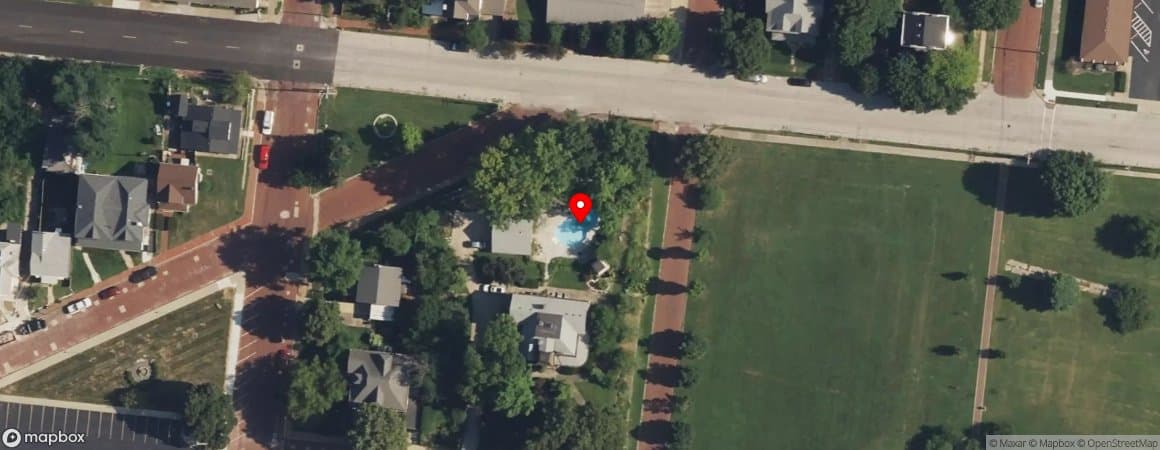 House image located at Alton, Illinois, 62002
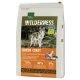 Real Nature Wilderness száraz kutyaeledel mini adult lazac&garnéla 4kg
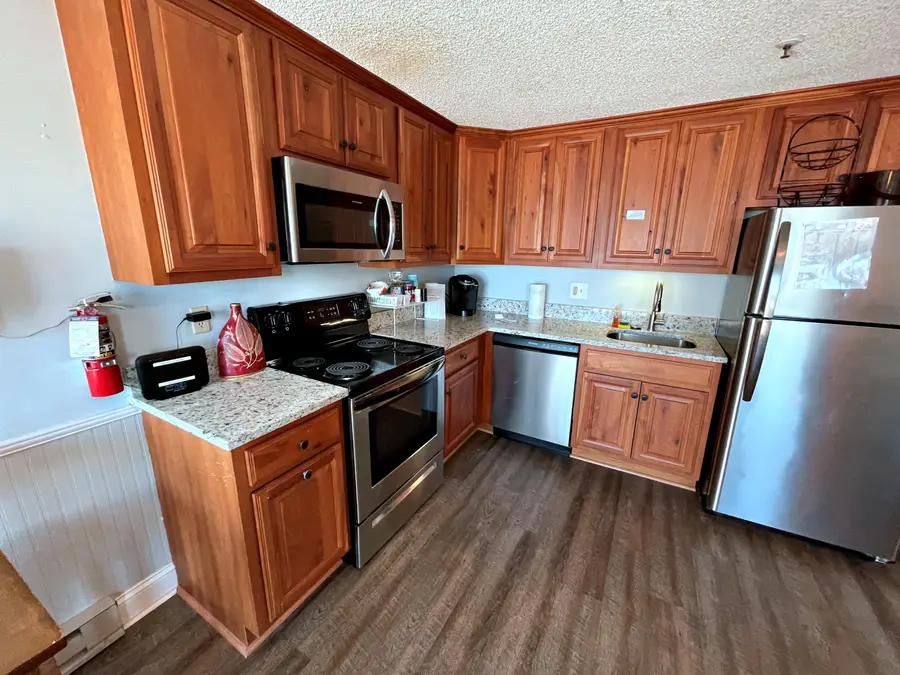 345 Mountain Lodge, Snowshoe, WV 26209 - #2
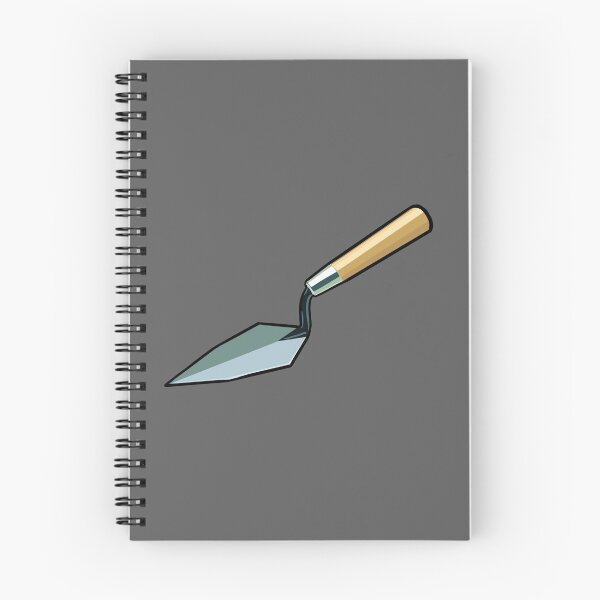 Item preview, Pointed Trowel designed and sold by artsaeologist.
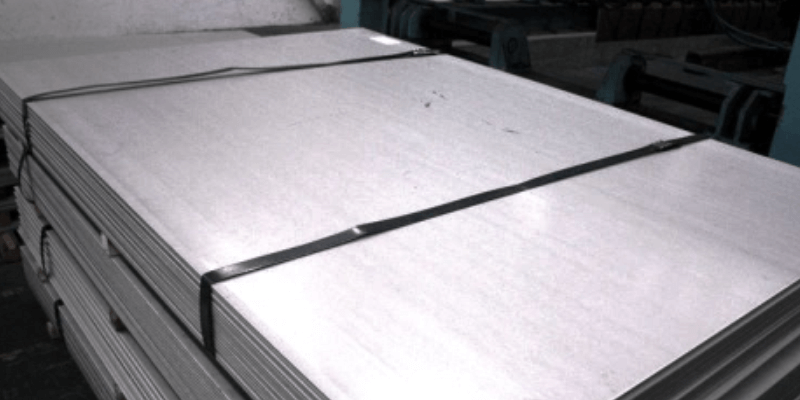 Stainless Steel 316L Plates & Sheets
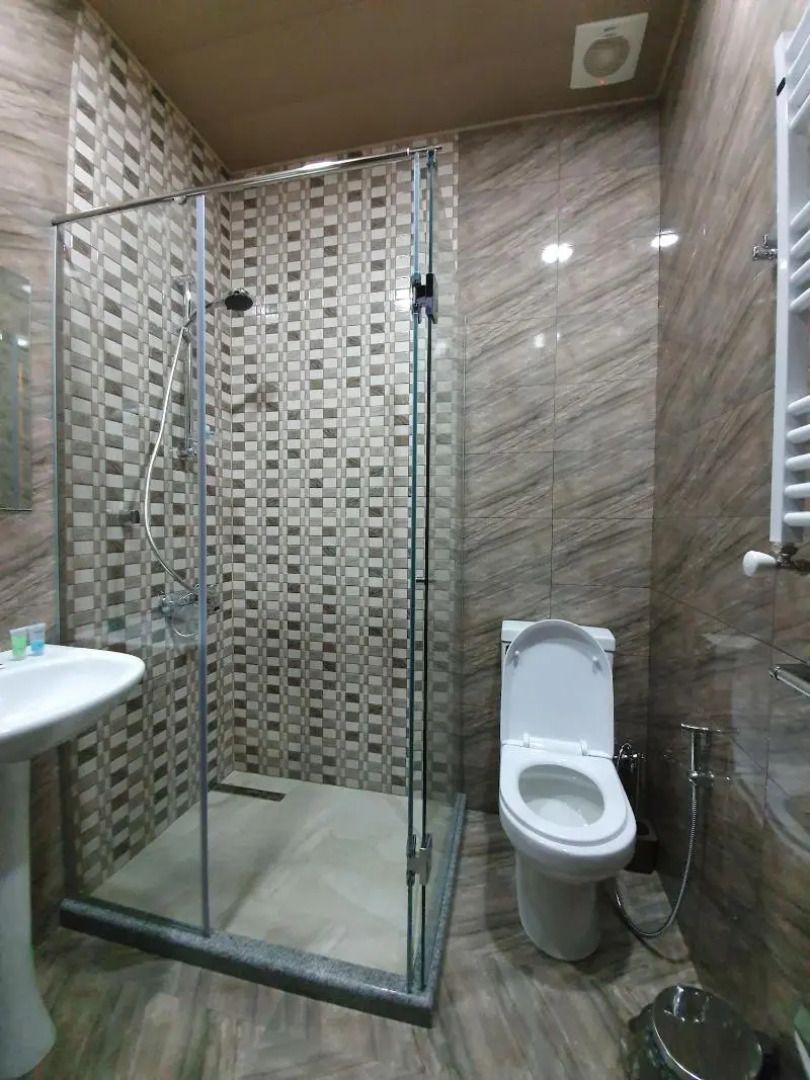 Отель «Софт»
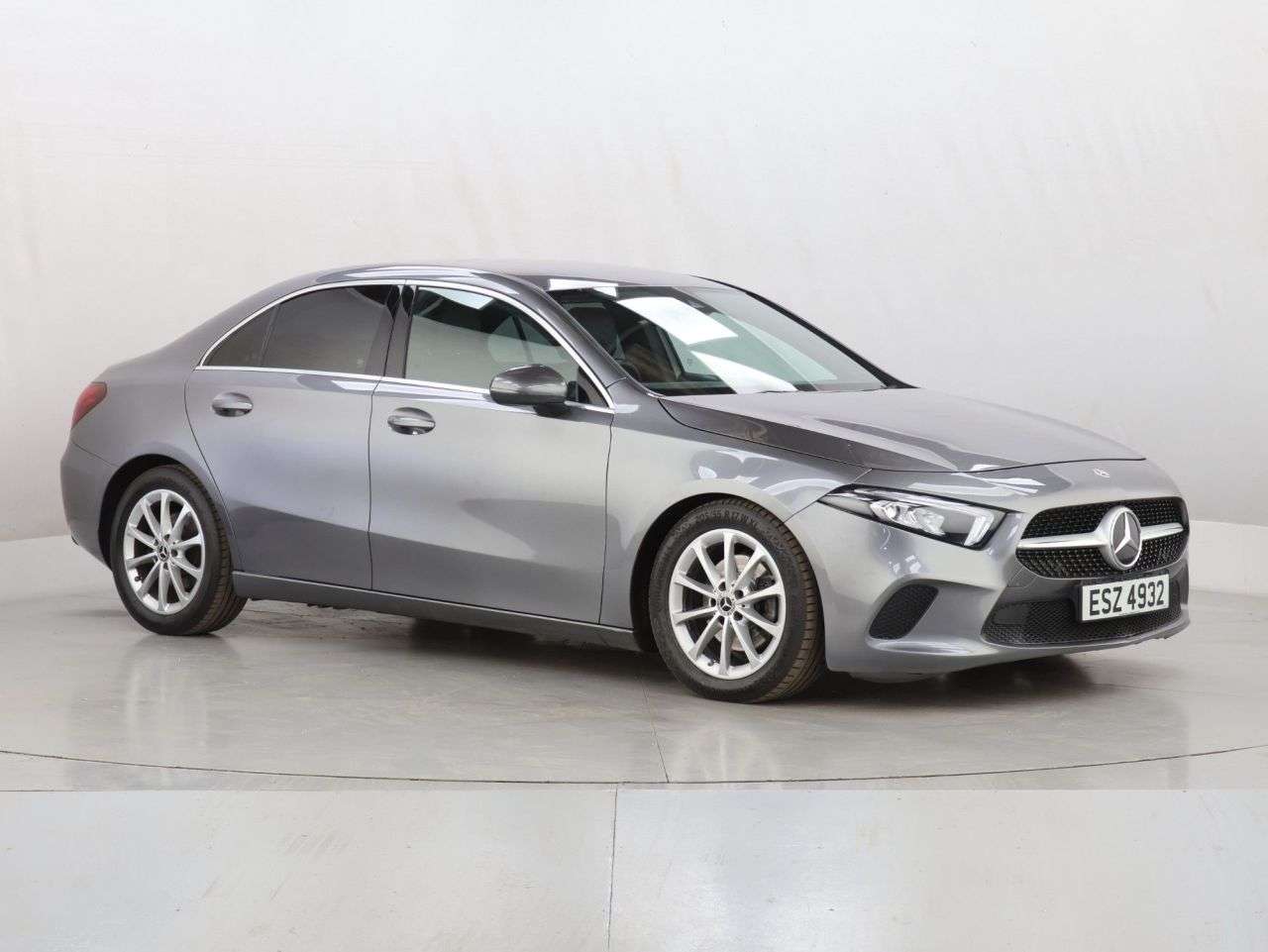A 2020 MERCEDES-BENZ A CLASS 1.3 A200 Sport Saloon 4dr Petrol Manual Euro 6 (s/s) (163 ps) A 2020 MERCEDES-BENZ A CLASS 1.3 A200 Sport Saloon 4dr Petrol Manual Euro 6 (s/s) (163 ps)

━━━━━━━━

### Exercise objective
Pictures stay out; reproduce exactly the lines from the one containing "Real Nature Wilderness" through the last line of the listing, both included.

### Result of this exercise
 Real Nature Wilderness száraz kutyaeledel mini adult lazac&garnéla 4kg
 345 Mountain Lodge, Snowshoe, WV 26209 - #2
 Item preview, Pointed Trowel designed and sold by artsaeologist.
 Stainless Steel 316L Plates & Sheets
 Отель «Софт»
A 2020 MERCEDES-BENZ A CLASS 1.3 A200 Sport Saloon 4dr Petrol Manual Euro 6 (s/s) (163 ps) A 2020 MERCEDES-BENZ A CLASS 1.3 A200 Sport Saloon 4dr Petrol Manual Euro 6 (s/s) (163 ps)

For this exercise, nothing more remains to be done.